# DATASET CONTENT
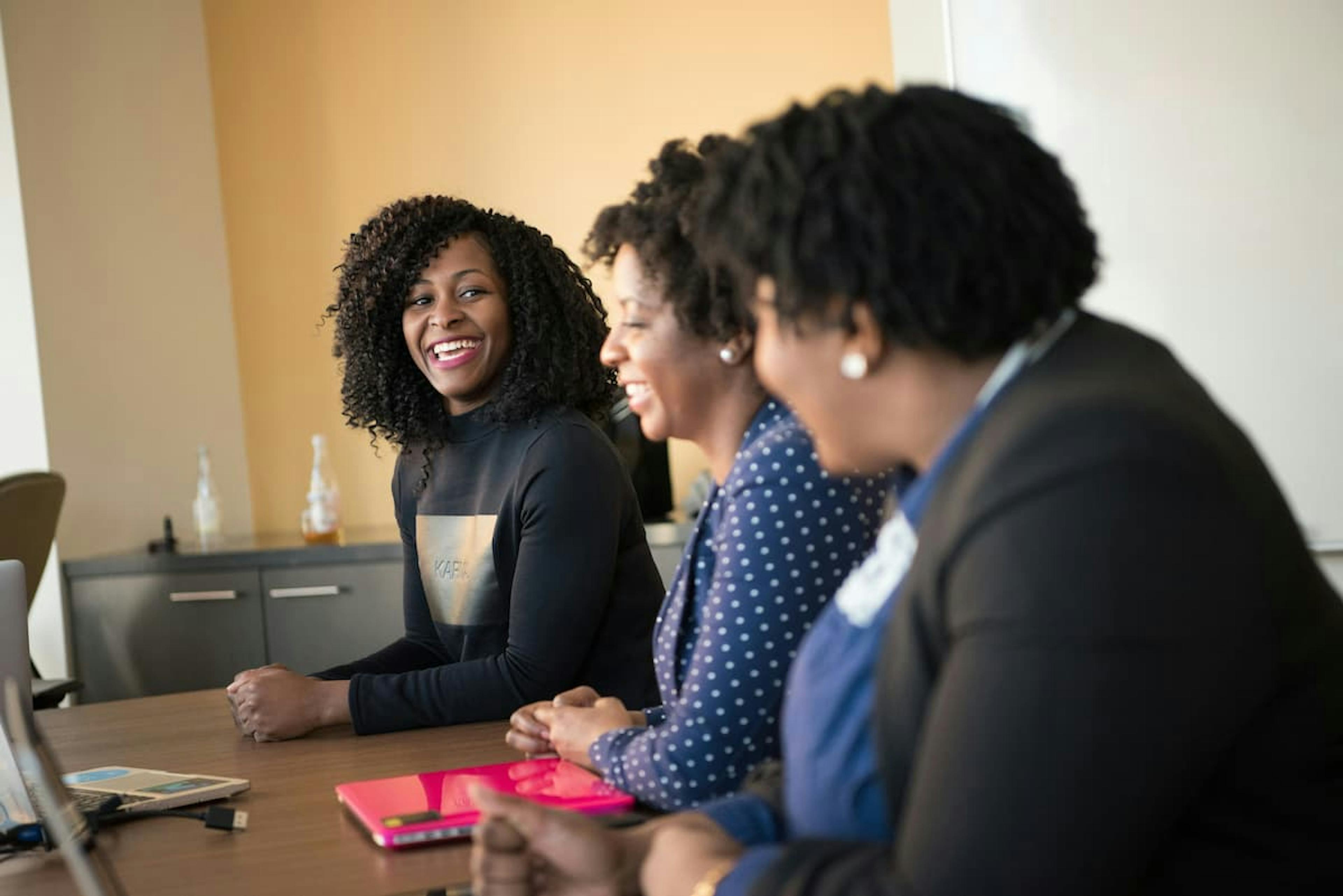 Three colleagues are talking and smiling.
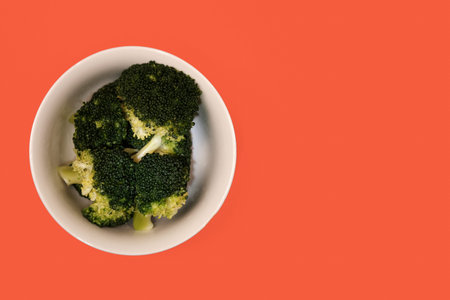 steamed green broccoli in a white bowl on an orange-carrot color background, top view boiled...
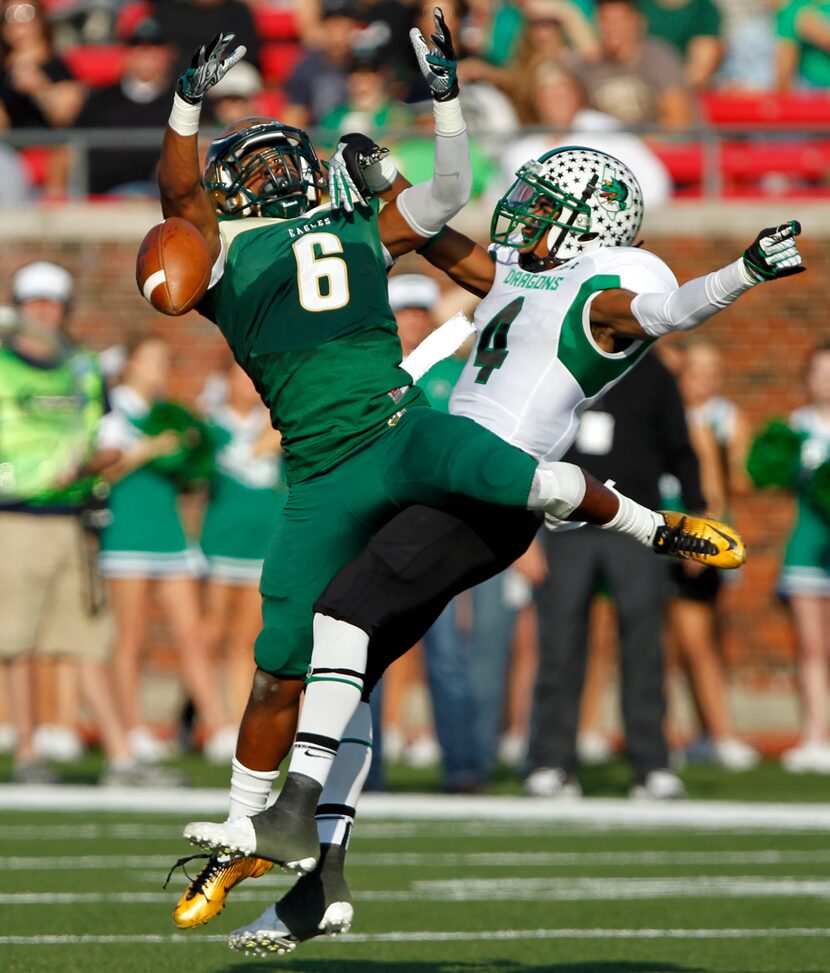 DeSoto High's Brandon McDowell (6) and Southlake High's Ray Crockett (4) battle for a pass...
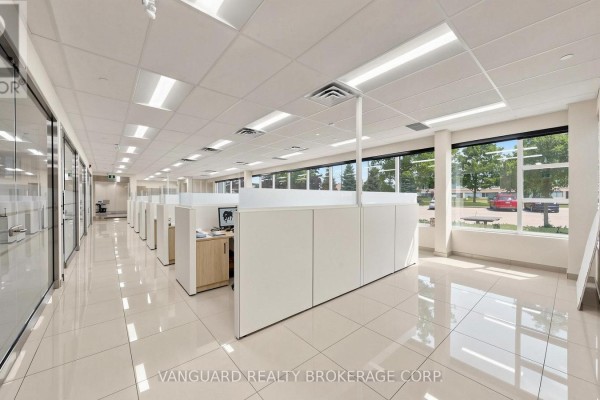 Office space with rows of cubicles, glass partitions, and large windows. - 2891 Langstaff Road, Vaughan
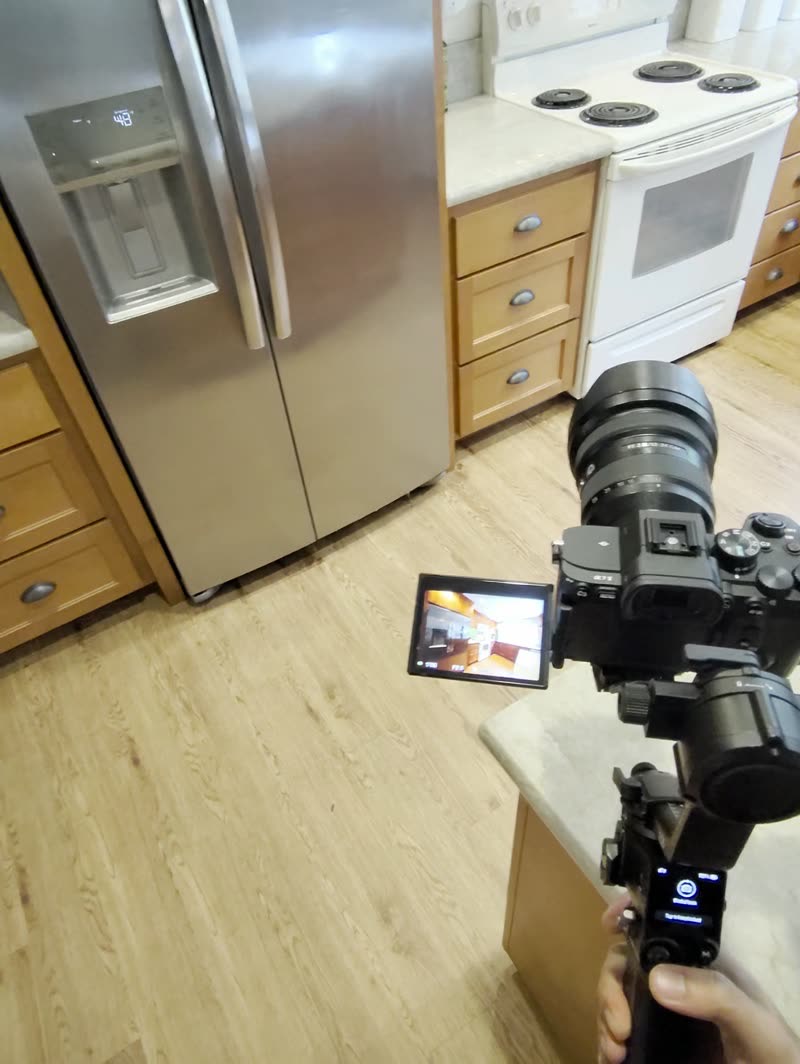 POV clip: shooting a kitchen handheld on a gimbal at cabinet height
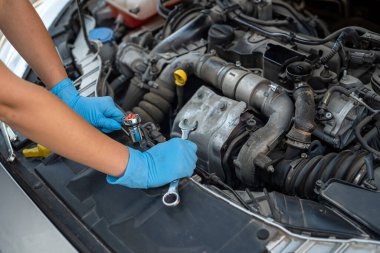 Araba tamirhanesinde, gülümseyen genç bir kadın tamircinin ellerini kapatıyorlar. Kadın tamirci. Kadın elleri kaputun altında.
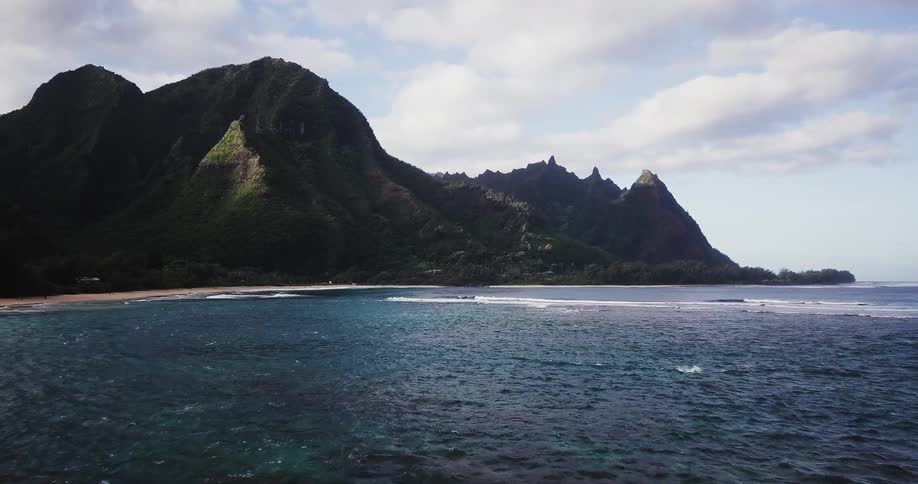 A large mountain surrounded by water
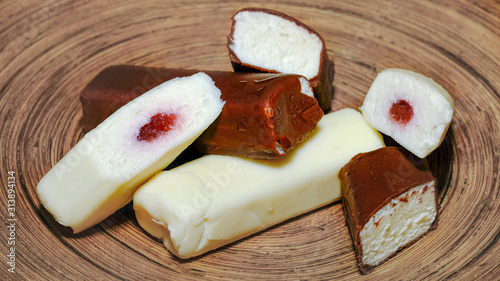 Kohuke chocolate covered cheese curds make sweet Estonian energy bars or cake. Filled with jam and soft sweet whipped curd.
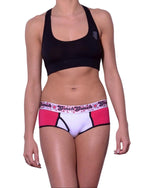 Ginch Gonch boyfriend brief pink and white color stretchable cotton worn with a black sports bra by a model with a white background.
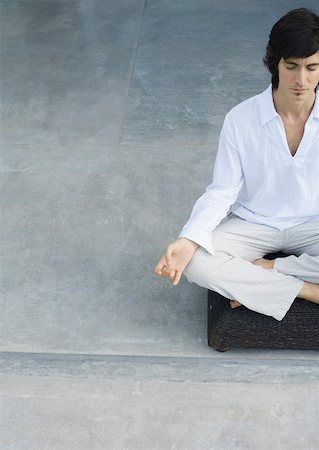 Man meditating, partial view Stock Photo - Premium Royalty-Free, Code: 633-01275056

# DESCRIPTION OF THE TASK
Repeat the material above precisely as it appears, omitting the images it contains.

# WORKED SOLUTION
 Three colleagues are talking and smiling.
 steamed green broccoli in a white bowl on an orange-carrot color background, top view boiled...
 DeSoto High's Brandon McDowell (6) and Southlake High's Ray Crockett (4) battle for a pass...
 Office space with rows of cubicles, glass partitions, and large windows. - 2891 Langstaff Road, Vaughan
 POV clip: shooting a kitchen handheld on a gimbal at cabinet height
 Araba tamirhanesinde, gülümseyen genç bir kadın tamircinin ellerini kapatıyorlar. Kadın tamirci. Kadın elleri kaputun altında.
 A large mountain surrounded by water
 Kohuke chocolate covered cheese curds make sweet Estonian energy bars or cake. Filled with jam and soft sweet whipped curd.
 Ginch Gonch boyfriend brief pink and white color stretchable cotton worn with a black sports bra by a model with a white background.
 Man meditating, partial view Stock Photo - Premium Royalty-Free, Code: 633-01275056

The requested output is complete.